D. Scott Caruthers, who has worked as a food specialist for many years, is among experts who understand how to go about a vegan diet. His passion for culinary arts began at a young age when he used to borrow ideas from his parents, who ran restaurants. In this section, he offers vital ideas to help you prepare highly nutritious and tasty vegan dishes for dinner.
1. Spicy cucumber pickle
The first vegan dinner recipe you need to try is the spicy cucumber pickle, which most of you might not have tried before but would like to know how it is done. The procedure unlike other recipes is straightforward and not many ingredients are needed.

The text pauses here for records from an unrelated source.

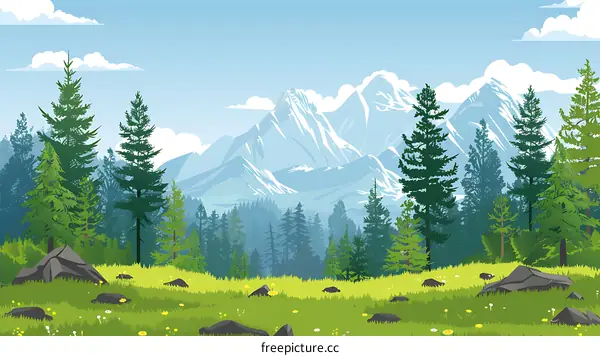 Green Grass Field and Mountain Landscape Illustration
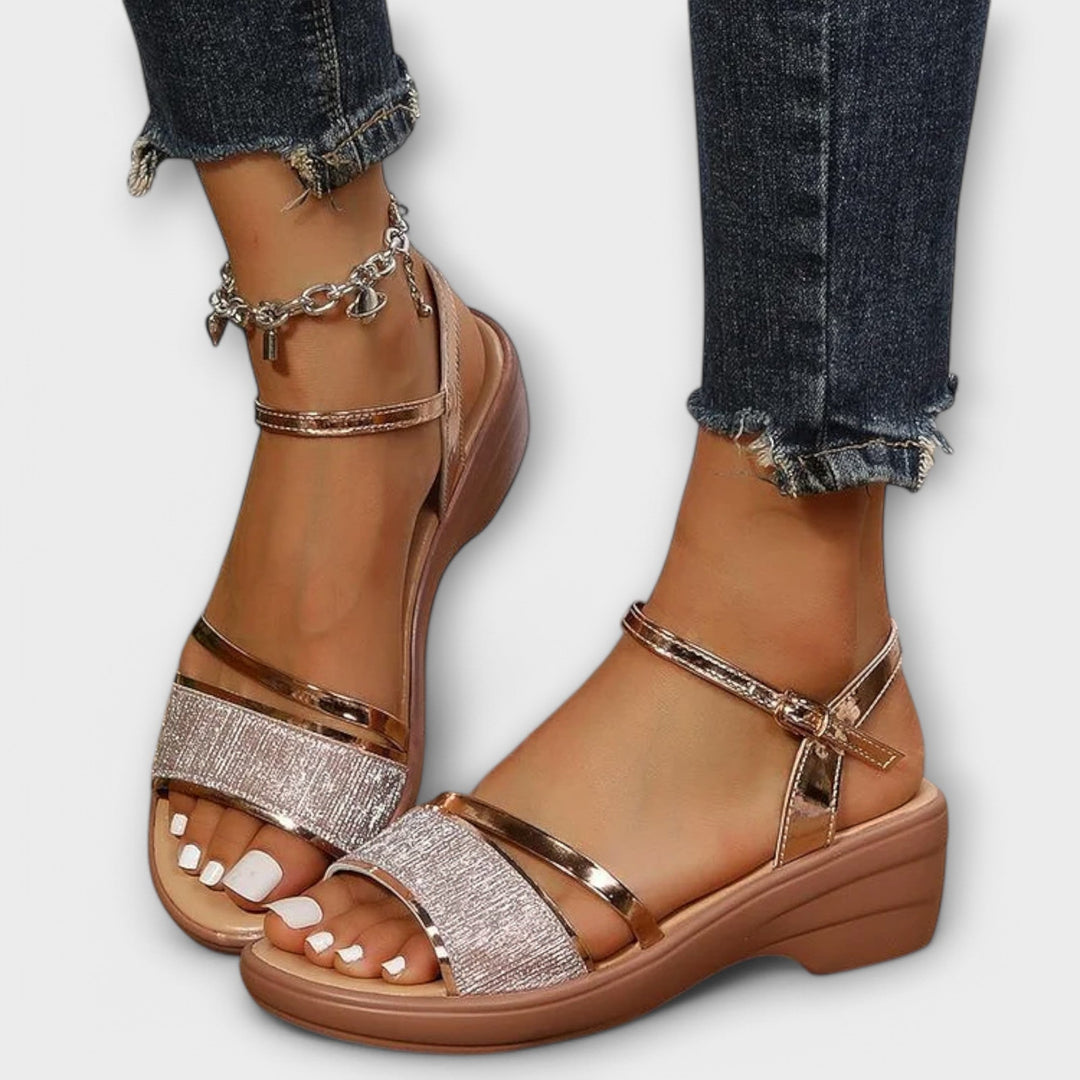 Edelgard - Sandals with Rhinestone Straps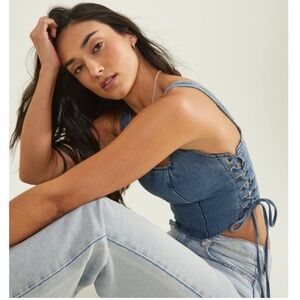 NWT - Altar'd State - Denim Corset Top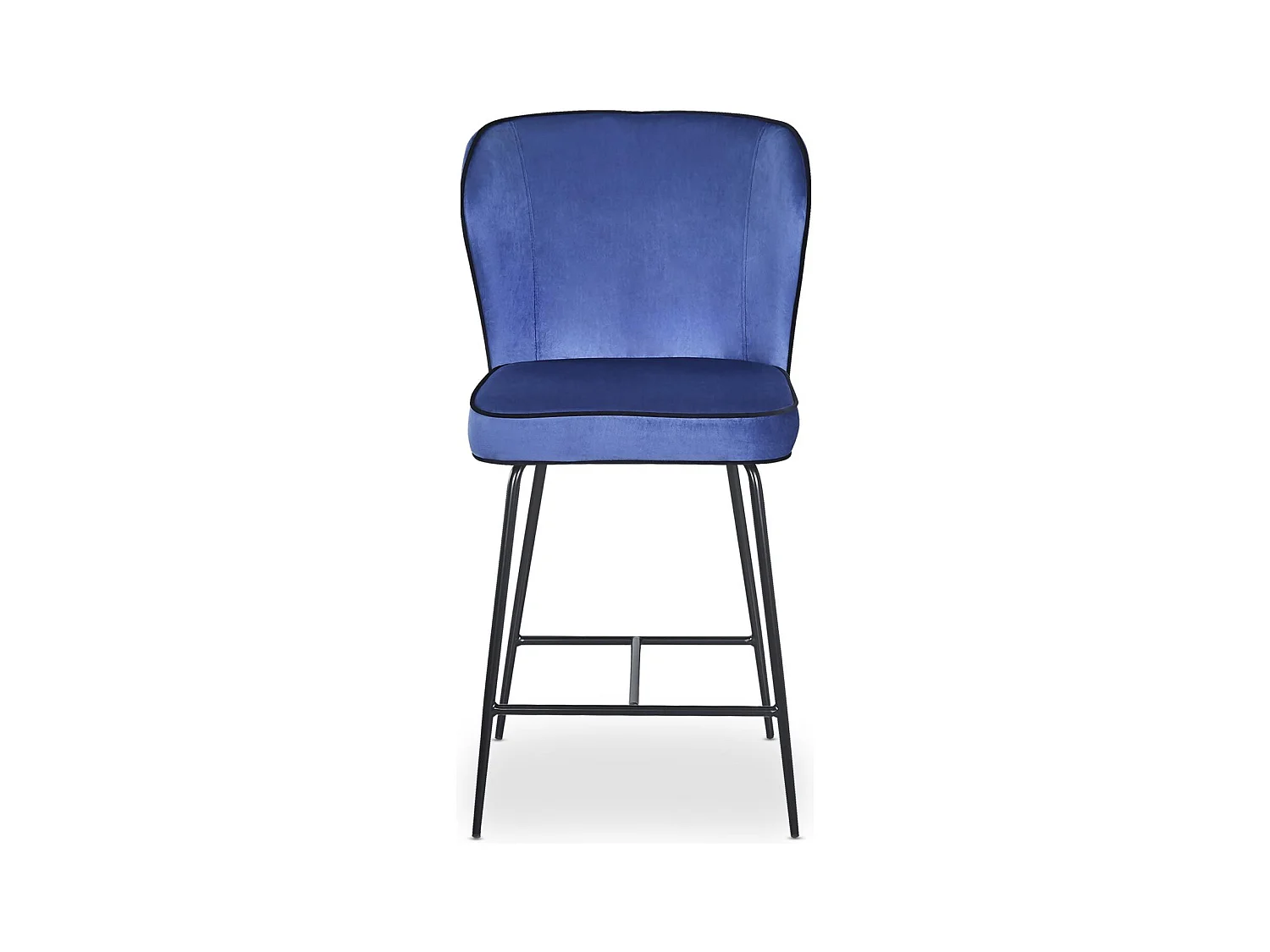 Taboret Barowy z Weluru Design "Elsa" Niebieski Nowoczesny z Czarnymi Metalowymi Nogami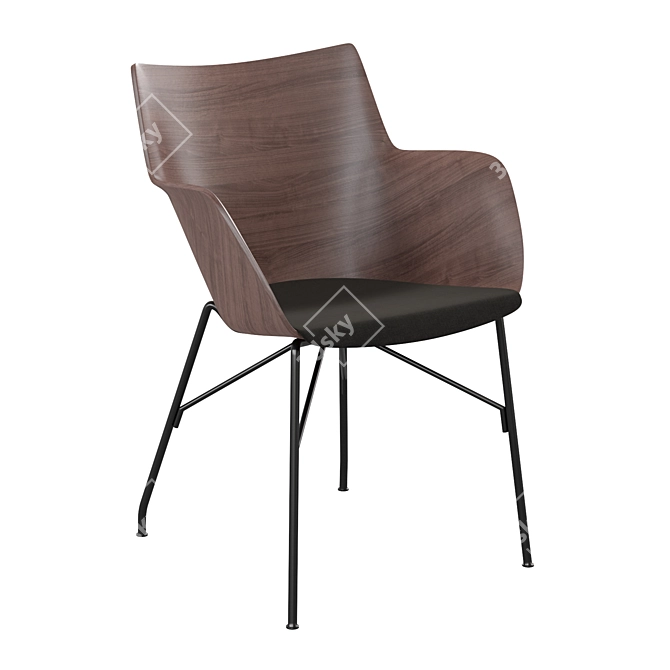 Title: Kartell Q/Wood Dark Wood/Black Chair 3D model image 1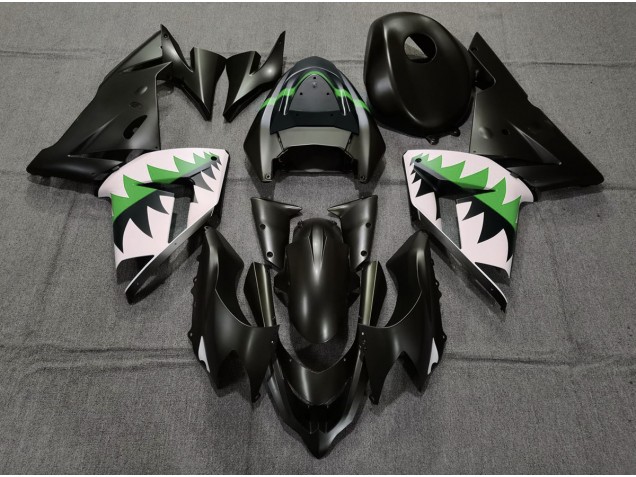 2004-2005 Matte Black and Green ZX10R Fairings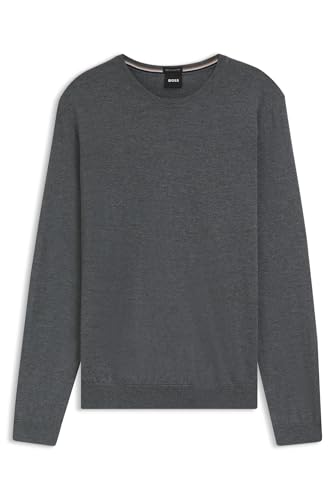 BOSS Herren Leno-P Slim-Fit Pullover aus Merinowolle mit Rundhalsausschnitt Grau XL von BOSS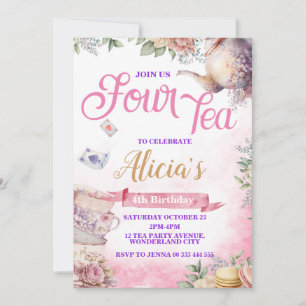 Invitation Tea Party 4e anniversaire, Tea Time Party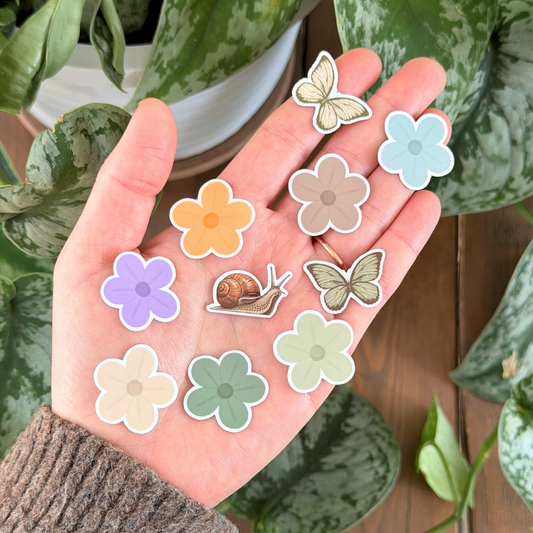 10 Mini Flower and Butterfly Sticker Pack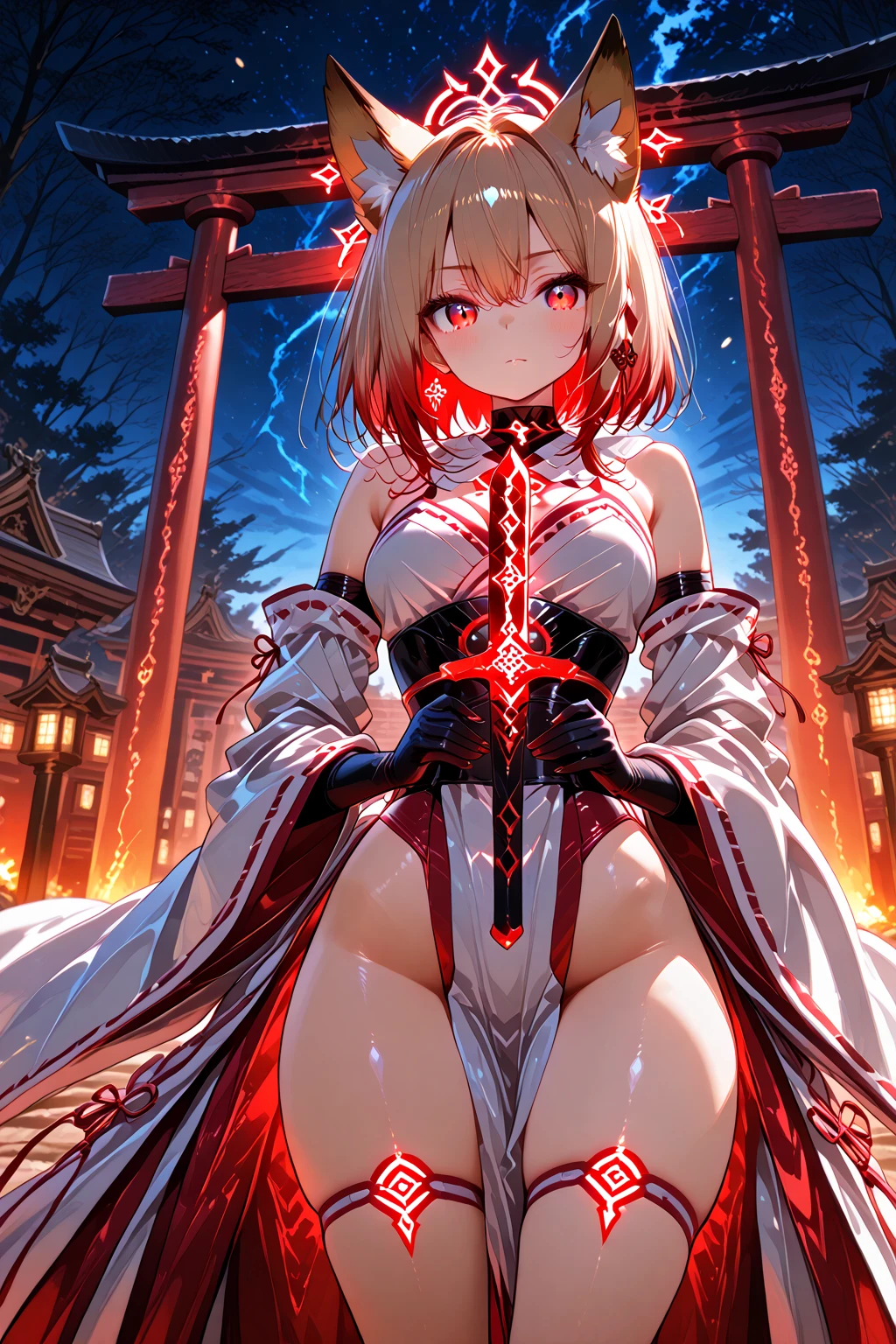 red cloak、Rear view、red eyes、naked、(((pubic hair)))、female organ、strong wind、storm、tattoo、Beautiful Girl Magician、blonde twintails、((whole body))、(((photo taken from below)))、darkne magic circle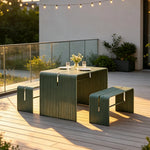 SOLARA Nordic Outdoor Table and Bench Set Aluminium Ribbed Design for Patio Garden Cafe Courtyard - Green
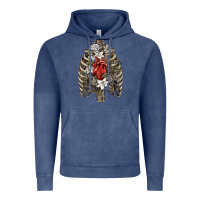 Vintage Denim Skeleton Rib Cage Heart Vintage Hoodie - RanaPortraitStore
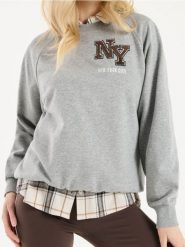 Bluza z motywem akademickim New York City - szary. Szare bluzy Sinsay, l, bez wzorów, bez kaptura. W wyprzedaży za 24.99 zł.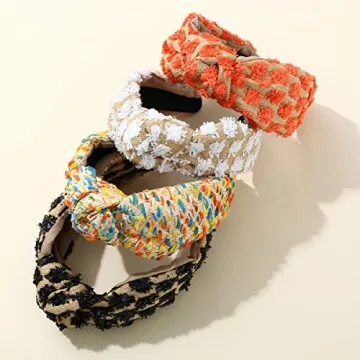 FEDANS Knotted Headband Woven Wide for Women Girls Summer Red Squares Elastic Spring Fashion Holiday Hairbands Hair Accessories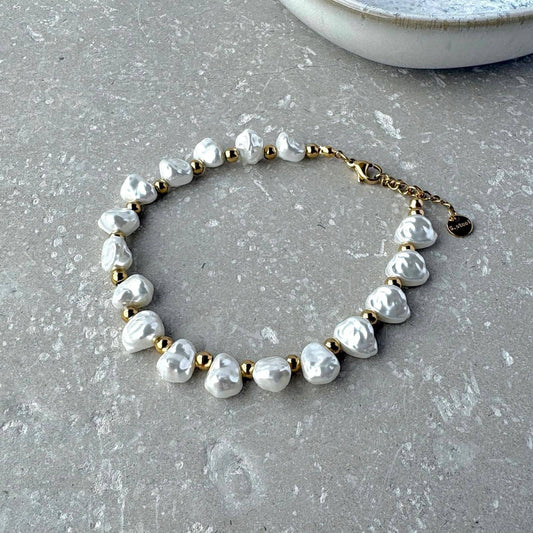 Tanya Tarnish Resistant Pearl And Gold Bead Bracelet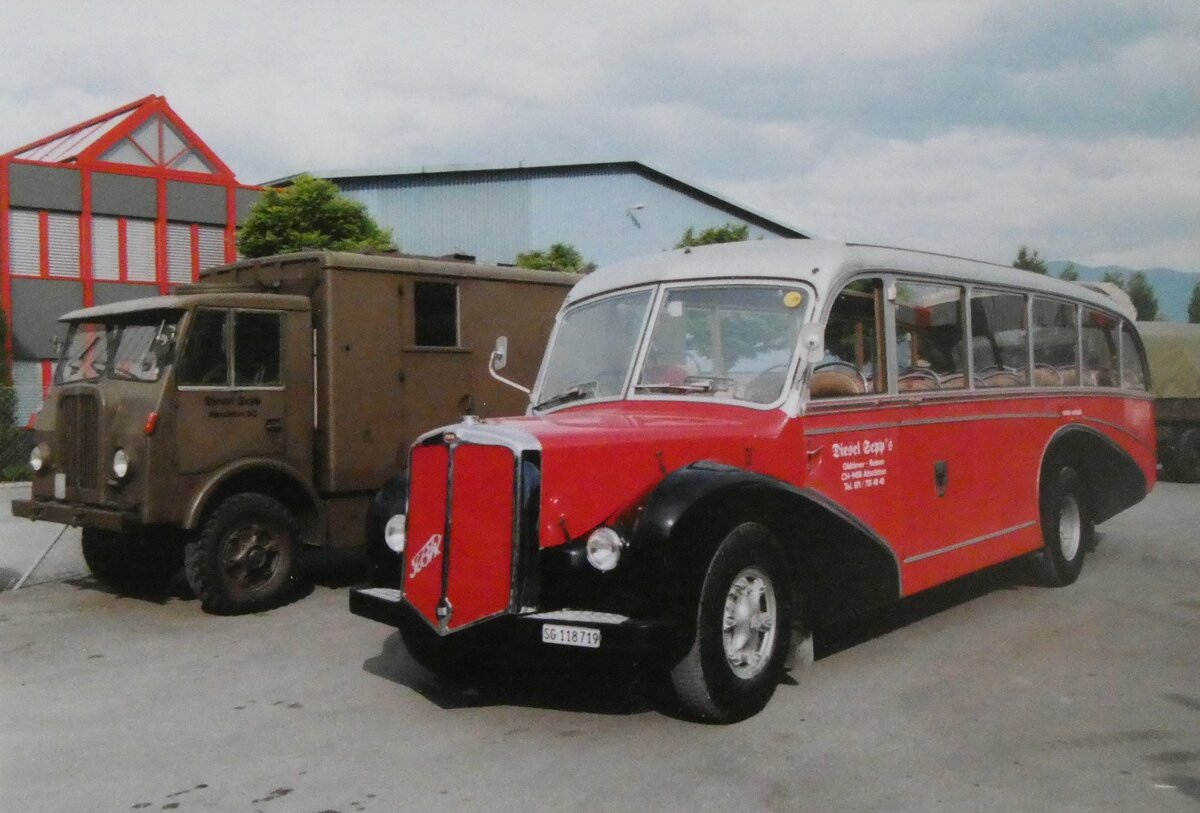 (MD520) - Aus dem Archiv: Wespe, Altst�tten - Nr. 12/SG 118'719 - FBW/R&J (ex AFA Adelboden Nr. 12) um 1996 in Altst�tten, NFA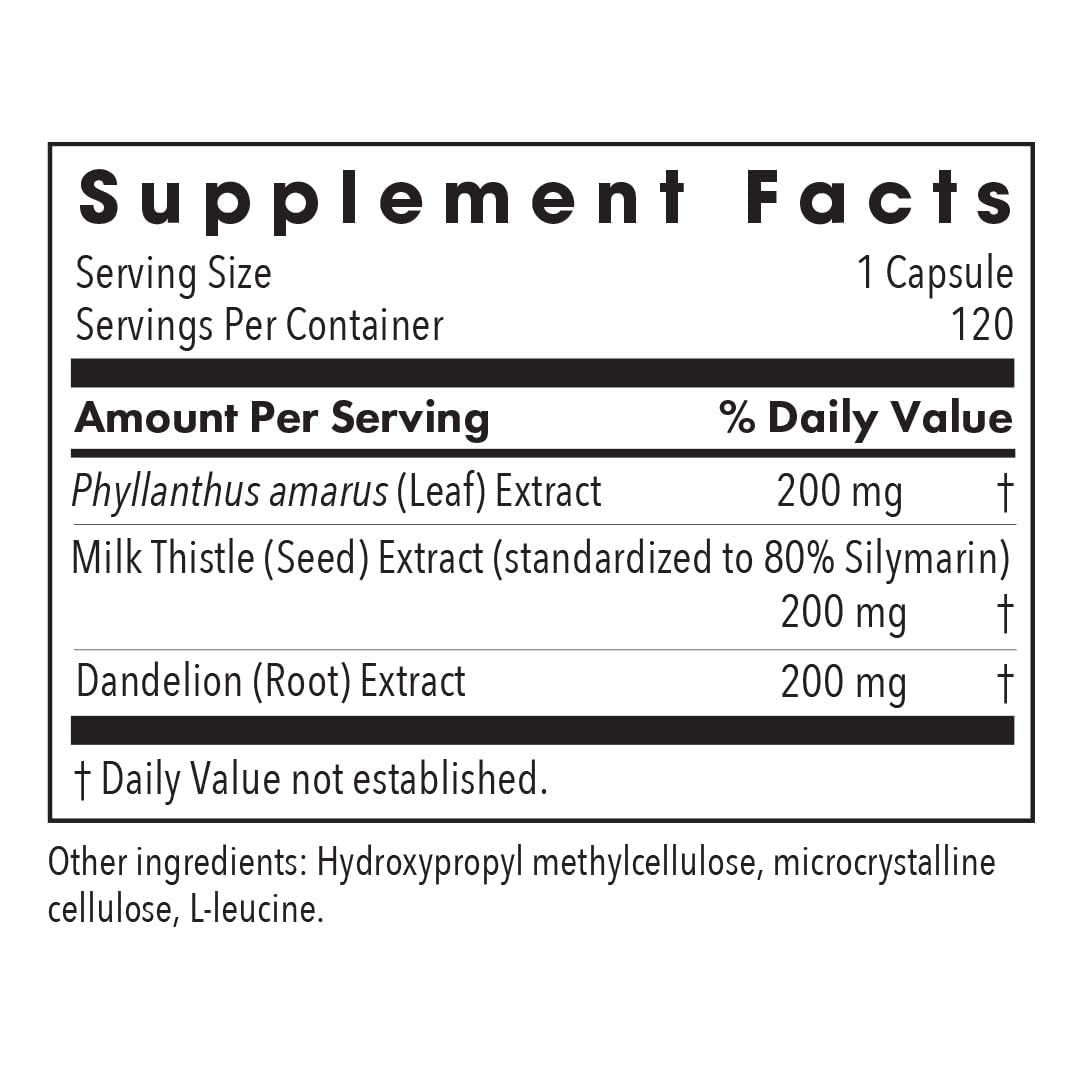 Allergy Research Group Milk Thistle Capsules 200mg side view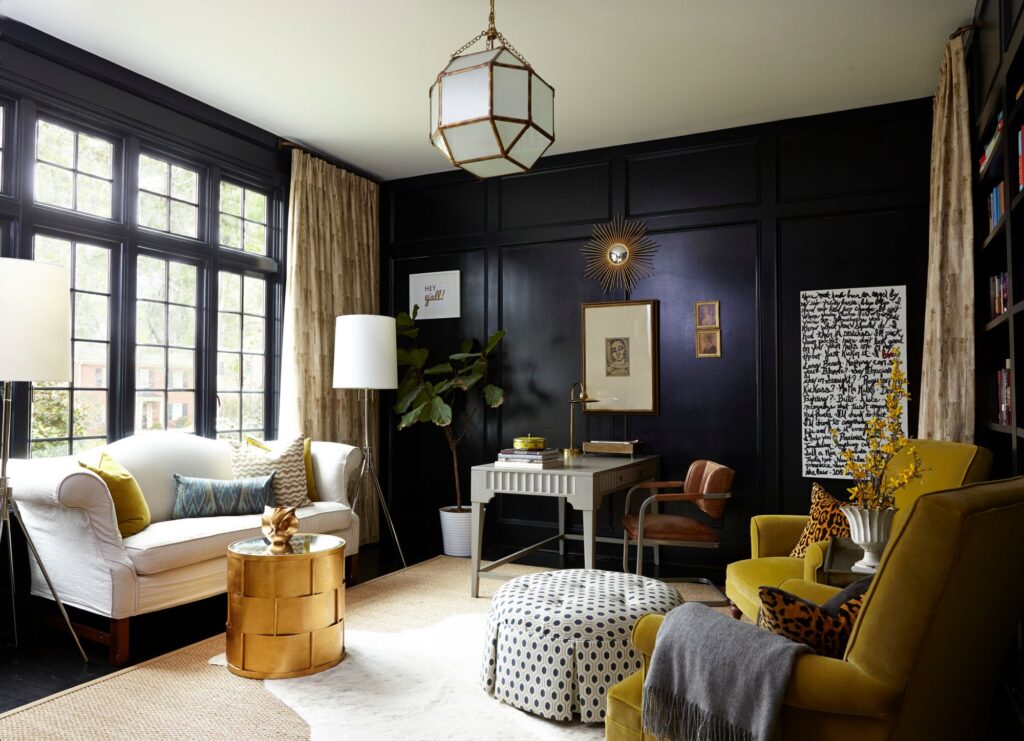 Emerald Velvet Sofa & Matte Black Walls
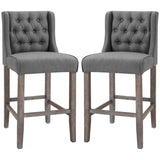 English Elm Homcom 26.25" Counter Height Bar Stools, Tufted Wingback Armless Upholstered Dining Chair With Rubber Wood Legs, Set Of 2, Gray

Cucumbers – 2 regular size or 6 pickling
Mustard seeds – 2 tablespoons
Turmeric – ½ teaspoon
Two star anise
Caster sugar – 75 g
Vinegar – 150 ml
You need to cut the pickling cucumbers into two halves lengthways then go further to slice the regular cucumbers across the middle to form fingers. You should then peel them before slicing into shallots. Add the cucumbers and shallots into colander and make sure to sprinkle 1 tablespoon of sea salt then wait 45 minutes before rinsing. Put all other ingredients in one pan and boil the mixture. You need to keep stirring until the sugar dissolves. Place the cucumbers snugly into a jar and pour the liquid. Leave it for few minutes then serve.
2. Lentil tabbouleh
You could also try the lentil tabbouleh, which is as well easy to prepare.
Puy lentils – 200 g
Spring onions – 1 bunch
Cherry tomatoes – 200 g ripe
Fresh flat-leaf parsley – 1 large bunch
Olive oil – extra virgin
Fresh mint – 1 large bunch
Start by rinsing the lentils followed by cooking in salted water till they become tender. Once tender drain and place aside to allow cooling. Mix your trimmed onions and tomatoes with herbs and add four tablespoons olive oil. Finally sprinkle lemon juice, add black pepper and sea salt, then serve.
3. Aubergine dip
Smoked paprika – ½ teaspoon
1 clove of garlic
½ fresh green chilli
Extra virgin oil – 1 tablespoon
Flat-leafy parsley – ½ a bunch
Roast the aubegrine for 45 minutes on a preheated oven at 180 C. Once cool, scoop the augbergine and place into a food processor, and in this add crushed garlic and chopped chilli as well as oil. Also squeeze some lemon juice and sprinkle black pepper and a punch of salt before serving.
4. Watercress soup
Watercress – 3 bunches
400 ml organic stock
Garlic – 2 cloves
With your potatoes peeled and chopped, add them into little olive oil together with onion and garlic and heat till the garlic is translucent. Then add stock to simmer till your potatoes become soft. After this chop the potatoes and include some watercress before simmering for additional 3 or 4 minutes. Pour the items into a blender to liquidize them to a smooth product.
5. Radish pickle
This is probably the easiest of them all yet so tasty and nutritious
Radishes – 1 bunch
Wine vinegar – 2 tablespoons
2 tablespoons caster sugar
Trim and slice the radishes finely then place them into a bowl with sugar and vinegar. You then need to add the radishes before tossing together and adding a pinch of sea salt. Allow the mixture to marinate for 15 minutes then serve.